The dreaded Sixth book

I've heard a few writers talking about “problem” books. The big problem book is the second one. Most writers never finish their second novel. I didn't. Mine was about a half-vampire who didn't know his wife was a werewolf. I took everything I learned from writing my first novel and made a horrible mess of 15,000 words (the entire first and second act).

The next problem book is the sixth. After writing five novels the sixth one should be easy, right? Nope. It's just as hard as the others. Harder in fact, as now you should know what you are doing and there should be a higher good to crap ratio. But there isn't.

You also think about all problems in your other books.
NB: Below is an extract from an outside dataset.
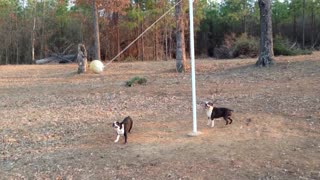 Two Boston Terriers Play A Game Of Tetherball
One of the problems with my books is depth. In all my books a change in one chapter means going back and changing five other chapters. It's a pain when it comes to editing. It's a style I like and want to keep, but I run the risk of each novel becoming more and more complex.
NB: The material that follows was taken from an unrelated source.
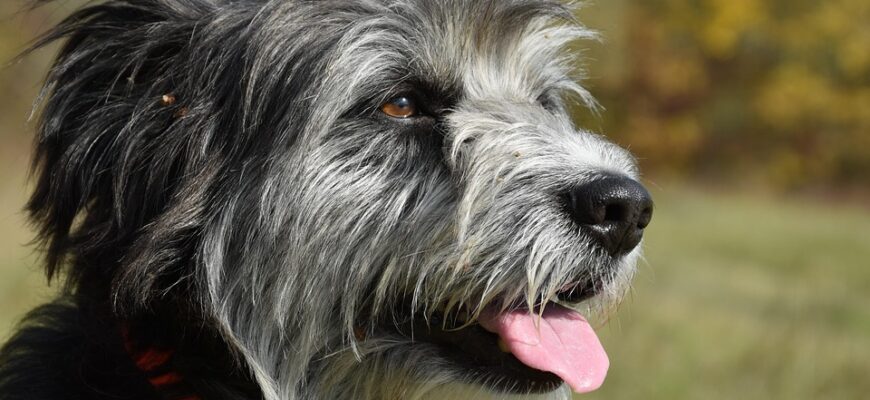 що означає коли пташка залетіла у вікно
Even AN EXTRA TOPPING OF HORROR which is a light comedy had this problem.

So for my sixth novel I turned back to my martial arts training.

A big problem in martial arts is as you learn more and more complex sets of skills that build on each other, you hit a wall and try as you might you just can't learn the next set. The problem isn't that the next set of skills is any harder to learn, but any flaws in your basic skills are amplified so much that they drag you down.
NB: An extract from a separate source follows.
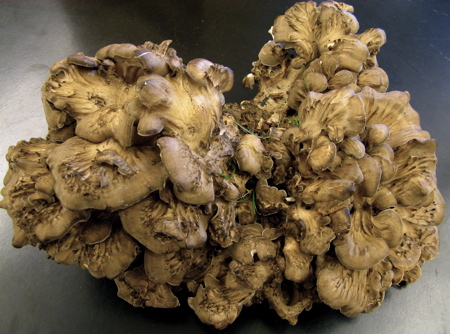 Grifola frondosa, the Hen of the Woods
The solution is to go back to the basics and hone the skills you thought you had down pat, then try again. It is totally amazing how easy the advanced stuff becomes after doing that.

So for the novel I've been working on for the last 10 days, I've gone back to the basics. It has a very simple 3 part plot. The characters have very simple clear motivations. Everything moves forward naturally in a linear order. As simple a book as I can write.

It's strangely liberating writing this way. Knowing that if a reviewer says, “The book is simple and unoriginal...” I can say, “Thank you, that was what I was going for.”

The only thing I want this new novel to be is enjoyable and entertaining. I'll use the conversation from MIND THIEF when Howie and Vivian go on their first date to sum it up:

“Shall we.” Howie held out his arm.

“This just might be enjoyable.”

“Nice vote of confidence,” Howie said.

“Would you rather I had impossible to reach expectations?”

“No, I’ll shoot for enjoyable.” He laughed.

2 comments:

  1. Is the sixth book supposed to be hard? Technically, I've done a sixth book, but my first was so bad, I'm not sure it should count. But, if it does, my second meets your expectations.

    But then the sixth was a breeze, although completely different from anything I'd done before.

    Hmm.

    My subconscious. Always doing the right thing when I'm not looking or understanding why.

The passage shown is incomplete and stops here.